The Death of Ivan Ilyich by Leo Tolstoy
Bantam Classic edition published June 1981
Bantam reissue edition / May 2004
Genre: Fiction, philosophy
Synopsis from my paperback edition
“Hailed as one of the world’s supreme masterpieces on the subject of death and dying, The Death of Ivan Ilyich is the story of a worldly careerist, a high court judge who has never given the inevitability of his dying so much as a passing thought. But one day death announces itself to him, and to his shocked surprise he is brought face-to-face with his own mortality. How, Tolstoy asks, does an unreflective man confront his one and only moment of truth?

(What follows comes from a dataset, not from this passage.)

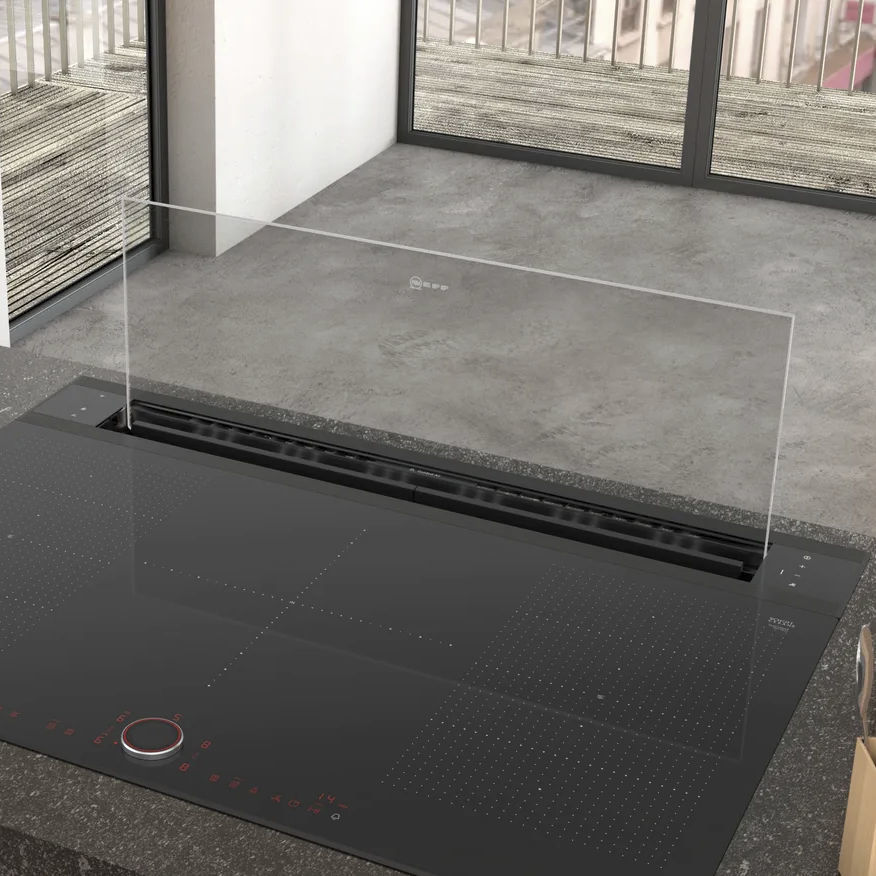 Coifa de bancada I98WMM1S1B NEFF da linha residencial / com touch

This short novel was the artistic culmination of a profound spiritual crisis in Tolstoy’s life, a nine-year period following the publication of Anna Karenina during which he wrote not a word of fiction. A thoroughly absorbing and at times terrifying glimpse into the abyss of death, it is also a strong testament to the possibility of finding spiritual salvation.”
After reading Anna Karenina a while – maybe around two years – ago, I’ve wanted to read more literary classics and also more of Tolstoy’s work. Although I first read some other works from other classical authors, I finally decided to give The Death of Ivan Ilyich a go.
The subject of the book – death and dying – may not be the easiest or most comfortable subject, but I was interested to see what Tolstoy made of it. To see how a man, who had never even so much as thought about dying, found out about his near end and how he dealt with it sounded like a deep, melancholic, and interesting story to me. And, after all, there is always a lesson about life in stories about death, isn’t there?
Although I had already supposed that the book would be a little different from what I expected – length-wise and also considering the style of writing – I was surprised to find that it, in my opinion, differed a lot from what I had hoped to find. I had hoped that The Death of Ivan Ilyich would be quite similar to Anna Karenina, at least in terms of the style of writing as well as in terms of the description of the characters. Yet, although the main character is described rather well and closely, there were many things I missed within this book. For me it could have been slightly longer and in some cases a bit more detailed.
All in all, The Death of Ivan Ilyich is an interesting book which takes you on the journey of a dying man. There might have been many things missing – at least for me – and the style of writing might have not been my favourite, but in the end the story is somewhat captivating, even if you already know how the book will end. Tolstoy did a good job describing how the main character feels in his last months on Earth. Still, although it would have been plausible or at least understandable to feel truly sorry for Ivan Ilyich, it was rather difficult to feel any kind of empathy towards him – partly because of the character itself, but also because of the style of writing. The book wouldn’t be the first one I would recommend if somebody asked me for any kind of advice on what he or she should be reading next, but I also wouldn’t stop anybody from reading it.